Supreme Court of Appeal proceedings

Berzack appealed the high court judgment on two main grounds, namely that the high court was incorrect in interpreting clause P on a narrow ground that, in the absence of proof that the servitude in the title deed described the element of utilitas, the servitude was therefore personal and not praedial in nature. Berzack contended that the interpretation by the high court was inconsistent with the plain language of the servitude, the intention of all relevant parties when the servitude was first registered, and subsequent registrations against the title deeds prior to the transfer of the property to the respondent. Berzack further contended that the high court’s failure to take into account the fact that the existing servitude was in favour of the Berzack property and therefore increased the economic potential of the Berzack property.

Huntrex contended that there is an absence of utilitas in clause P of the servitude and that the garden servitude in question is not one of the recognised traditional servitudes, such as a right or way or access to drinking water on land that belongs to another. In reliance on this, they argued that the existing servitude was therefore a personal one of usus, which could not be registered against the title deed as in section 66 of the Deeds Registries Act.

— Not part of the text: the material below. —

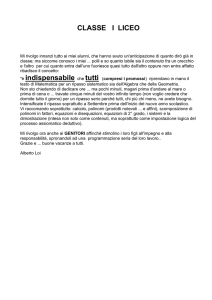 Docente: prof. Alberto Loi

Interpretation of servitudes

The SCA, in a majority judgment penned by Nhlangulela AJA, found that the high court was incorrect in failing to interpret clause P in light of the grammatical meaning of the words in the context, the purpose, and the background circumstances under which the servitude was created by Berzack and Wellens in 1983. The narrow interpretation by the high court of the meaning of utilitas misconstrued its meaning and removed “the aspects of what a praedial servitude was, which resulted in a constrained meaning given to each of those subclauses and mischaracterising the praedial servitude as a personal servitude of usus.”

The SCA further held that, reading clause P as a whole, the element of utilitas is present. What seems to have been the key distinction between the approach adopted by the SCA and that adopted by the high court is their method of interpretation. The isolationist approach employed by the high court in its interpretation of clause P failed to take into account the circumstances under which this servitude was created and its intention, which was to allow Berzack to continue to have use and enjoyment of the garden area and to allow any subsequent successors in title of the property to do the same. The failure by the high court to also take into consideration the added economic value the servitude over the Huntrex property provided the Berzack property was a further point of critique by the SCA.

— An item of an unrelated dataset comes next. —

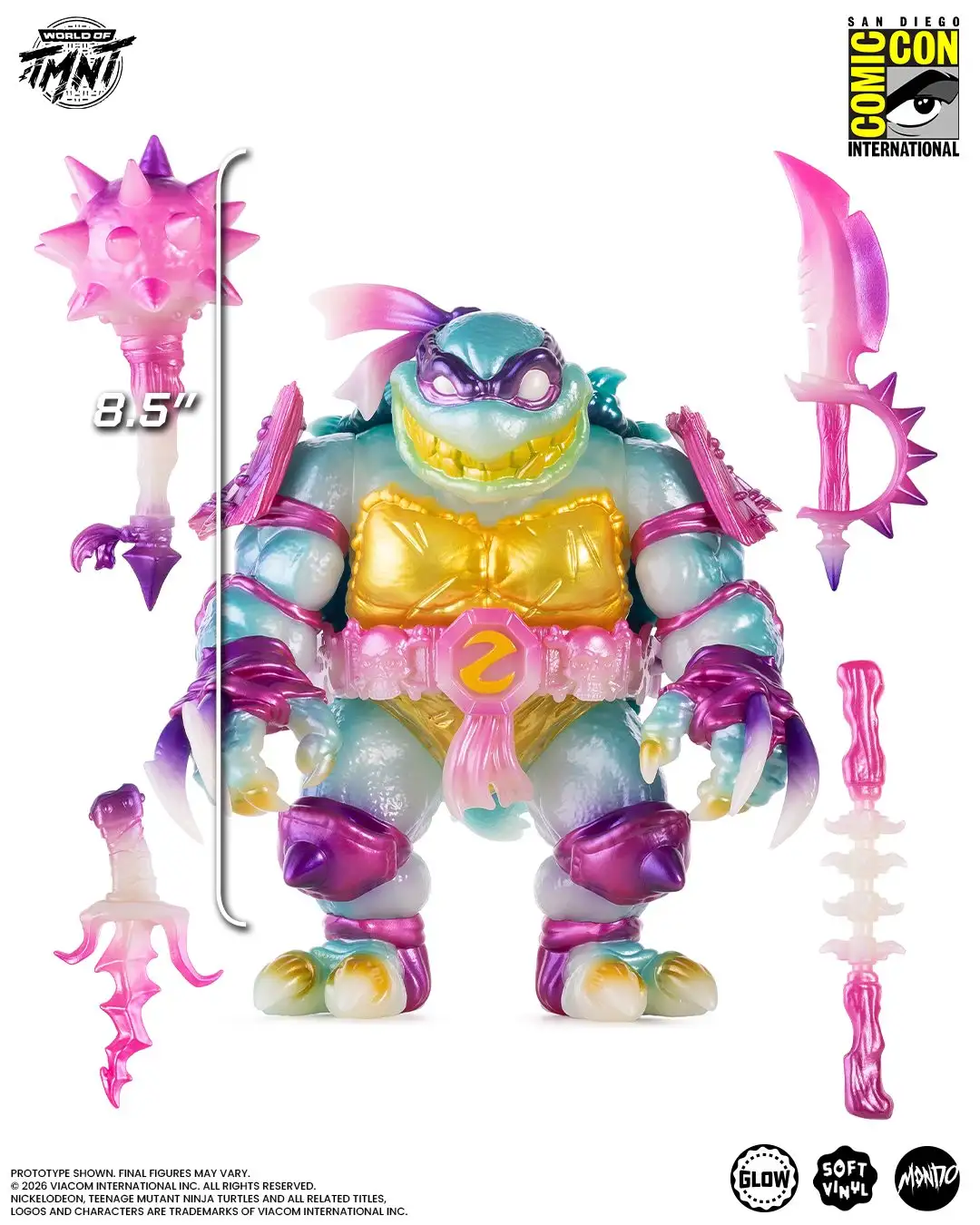 Mondo TMNT Slash Soft Vinyl Mutagen Variant 10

In support of its conclusion that the high court erred in finding that clause P did not meet the definition of utilitas, the SCA referenced its own decision in Willoughby’s Consolidated Co Ltd v Copthall Stores Ltd where the court stated that “in the absence of an ambiguity in the words used in a servitude-creating contract, the golden rule applies in favour of a praedial servitude having been proved by the person who claims the existence thereof.”

An additional argument advanced by Huntrex was that the garden servitude claimed by Berzack did not meet the traditional servitudes. However, the court found that this argument held no legal basis as, according to the SCA, the correct position in our law is that there is no exhaustive list of real servitudes. To illustrate this, the court quoted the judgment of the constitutional court in City of Tshwane v Link Africa (Pty) Ltd and Others, where the court there provided that in modern South African law, types of rights and restrictions found in traditional servitudes have been relaxed.

The SCA therefore held that the features of the garden servitude area in this case met the characteristics of a praedial servitude, not a personal servitude, and that the order granted by the high court allowing Huntrex to demolish the wooden pole fence erected by Berzack around the garden area and to erect their own fence, which would restrict Berzack’s access to the garden, should not have been granted. The order of the high court was therefore set aside.

In disagreement with the minority judgment penned by Plasket JA and Goosen AJA, the majority judgment provided that the view of the grounds provided by the garden servitude adds utilitas and enhances the value of residential property, thereby creating an advantage for the dominant tenement, the Berzack property.

Minority judgment

In the minority judgment, the main point of interpretation of clause P for the two justices, Plasket JA and Goosen AJA, was that the servitude in clause P be interpreted in a way that least encumbers the servient tenement, the Huntrex property, and that this rule of interpretation also applies to the determination of whether a servitude was personal or praedial in nature. They further provided that the nature and character of the right created must be analysed and that the intention of the parties, as expressed in their agreement when the property was first sold in 1983, has its limits. The justices, after erroneously reading condition P (a) and P (b) separately as the high court had done, found that the intention by Berzack was to create a personal servitude of usus in favour of herself in order to allow her to continue gardening in the servitude area as opposed to creating a praedial servitude that would allow subsequent owners to use the garden too.

The minority judgment provides that there are five general requirements for the creation of a praedial servitude but only deals with two. Firstly, the servient tenement must be capable of serving the dominant tenement on a permanent basis, and therefore, the use made of the servient tenement must be based on some permanent feature or attribute of the servient land. Secondly, the servient tenement must provide some utility or benefit to the dominant landowner and must not only serve that owner’s personal pleasure. The minority judgment, in agreement with the majority judgment, recognised that the servitude rights created by clause P served Berzack’s personal pleasure as it allowed her to continue gardening. However, the minority was of the view that the servitude in question was created to enable Berzack to enhance her personal pleasure derived from gardening rather than to “exercise dominium over her property and enjoy all the elements of that dominium.” Plasket JA and Goosen AJA therefore concluded that the servitude contained in clause P was a personal one and not a praedial servitude and was therefore prohibited from registration beyond the life of the person in whose favour it is created, in terms of section 66 of the Deeds Registries Act.

What now?

Despite the view and judgment presented by the minority, ultimately, the majority view of the court was that the servitude in question was praedial and not personal and that the element of utilitas required was indeed present. Taking into consideration the wording of clause P, the intention behind the creation of the servitude, and the prior transfers of the Huntrex property, one can argue that because all the previous owners were aware of the property being subject to the praedial servitude and yet raised no objections as to whether it was praedial or personal in nature, they all understood that the servitude was indeed praedial. However, this could all change as the case has gone on appeal to the constitutional court, and we hope that the constitutional court upholds the majority judgment of the SCA because if it doesn’t do so, this will create much uncertainty for a countless number of registered praedial servitudes, particularly garden servitude areas of which there are many. As we await that judgment, and as things currently stand, any subsequent owners of Berzack’s property will receive the benefit of the praedial servitude over the Huntrex property.

The lesson one learns from this case is that when a praedial servitude is created, one cannot emphasise enough all the elements of a praedial servitude when creating it, and in this regard, one should:

  • Name it as a perpetual praedial servitude;
  • Provide that the servitude is registered over the servient land in favour of the dominant land and may be exercised by the owner of the dominant land and his/her/its successors in title, in perpetuity;
  • The drafting of ancillary rights, obligations, and conditions should be very clear and should not create uncertainty as to the classification of the servitude.